# What you need to do
Each line below from the line with "From there, we'll" to the line with "When you are" must be copied exactly, including those two, and no picture may appear in the copy.

# Raw data
§ §

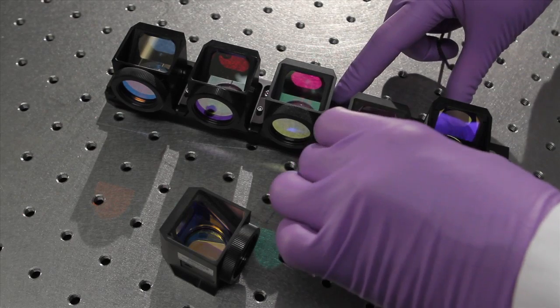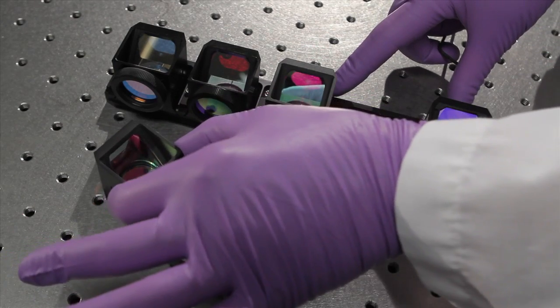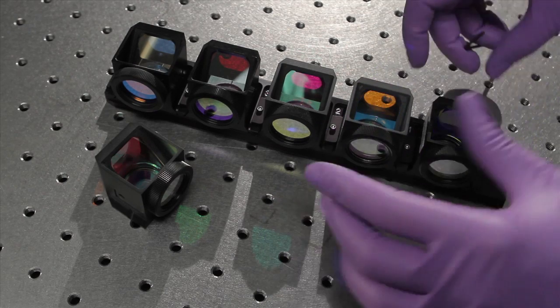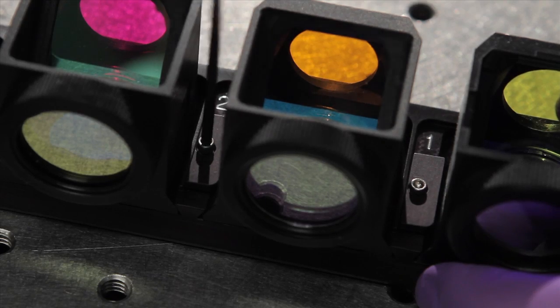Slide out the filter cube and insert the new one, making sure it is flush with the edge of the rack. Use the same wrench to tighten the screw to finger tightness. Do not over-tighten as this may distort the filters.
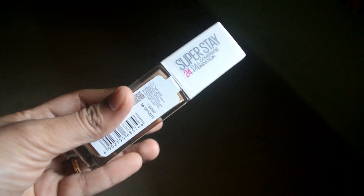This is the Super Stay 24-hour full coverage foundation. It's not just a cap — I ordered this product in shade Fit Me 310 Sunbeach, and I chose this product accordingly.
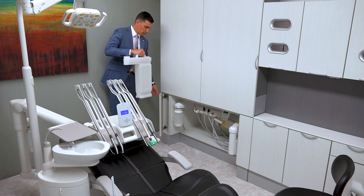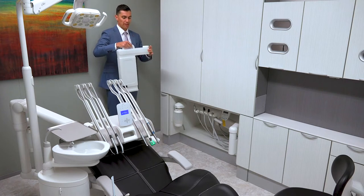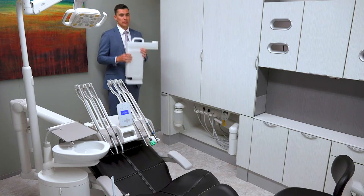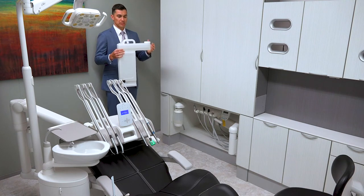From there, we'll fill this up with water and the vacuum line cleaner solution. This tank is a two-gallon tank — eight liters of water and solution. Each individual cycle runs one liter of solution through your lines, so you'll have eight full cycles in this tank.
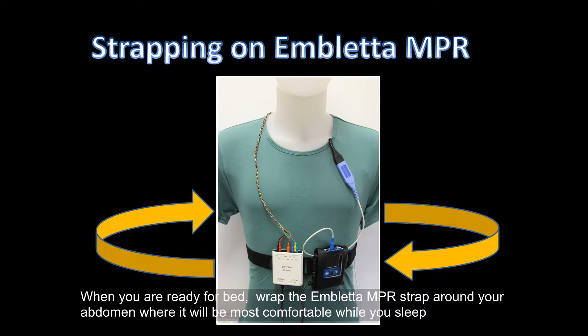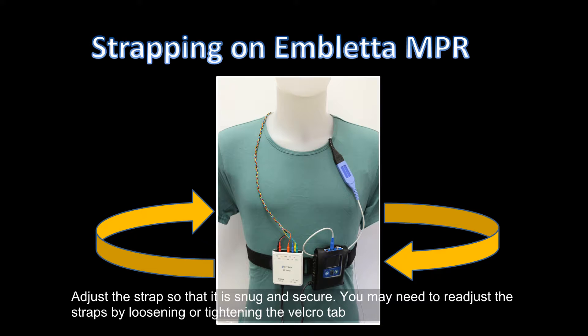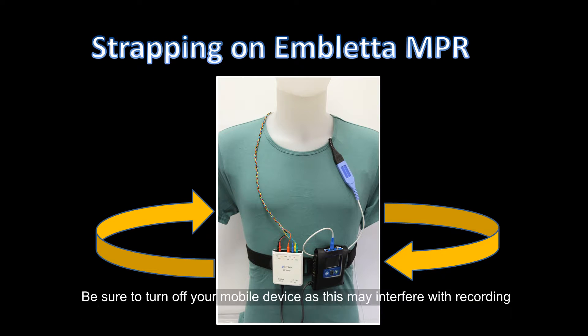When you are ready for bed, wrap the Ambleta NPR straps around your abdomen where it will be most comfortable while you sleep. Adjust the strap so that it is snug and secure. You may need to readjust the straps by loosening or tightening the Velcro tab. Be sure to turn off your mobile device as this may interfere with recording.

§ §

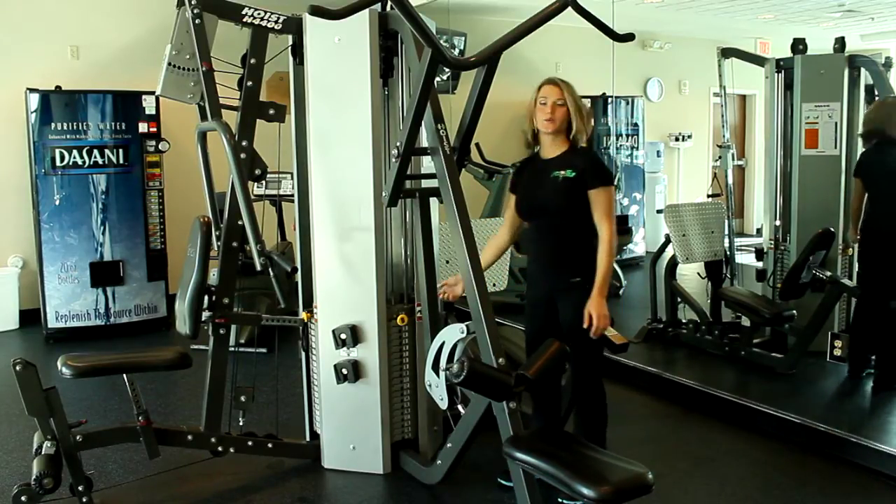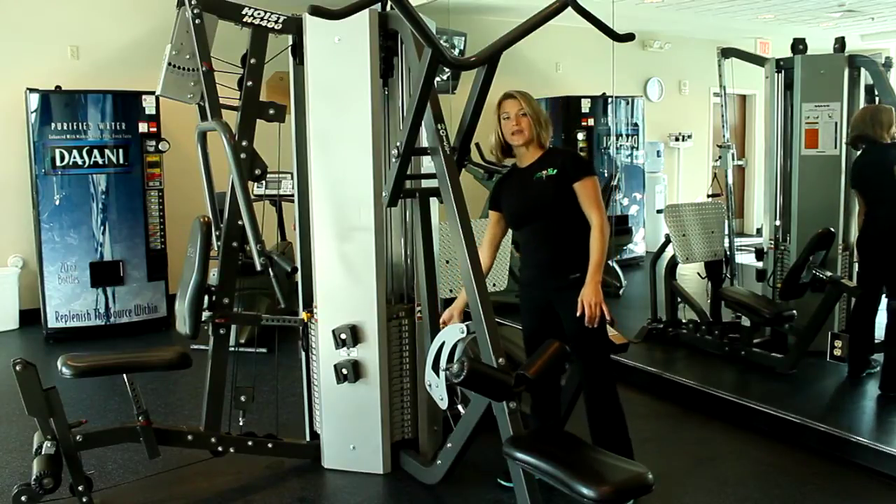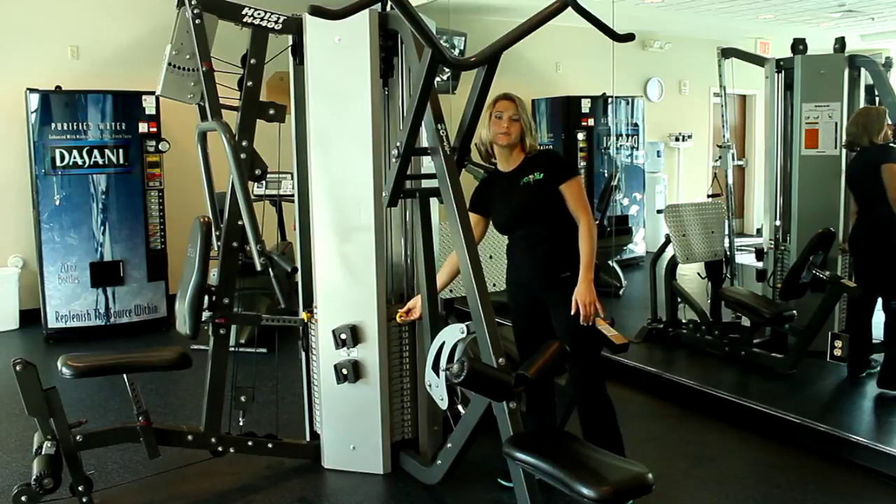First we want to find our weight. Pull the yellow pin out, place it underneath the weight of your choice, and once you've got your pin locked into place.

§ §

# Answer box
From there, we'll fill this up with water and the vacuum line cleaner solution. This tank is a two-gallon tank — eight liters of water and solution. Each individual cycle runs one liter of solution through your lines, so you'll have eight full cycles in this tank.
When you are ready for bed, wrap the Ambleta NPR straps around your abdomen where it will be most comfortable while you sleep. Adjust the strap so that it is snug and secure. You may need to readjust the straps by loosening or tightening the Velcro tab. Be sure to turn off your mobile device as this may interfere with recording.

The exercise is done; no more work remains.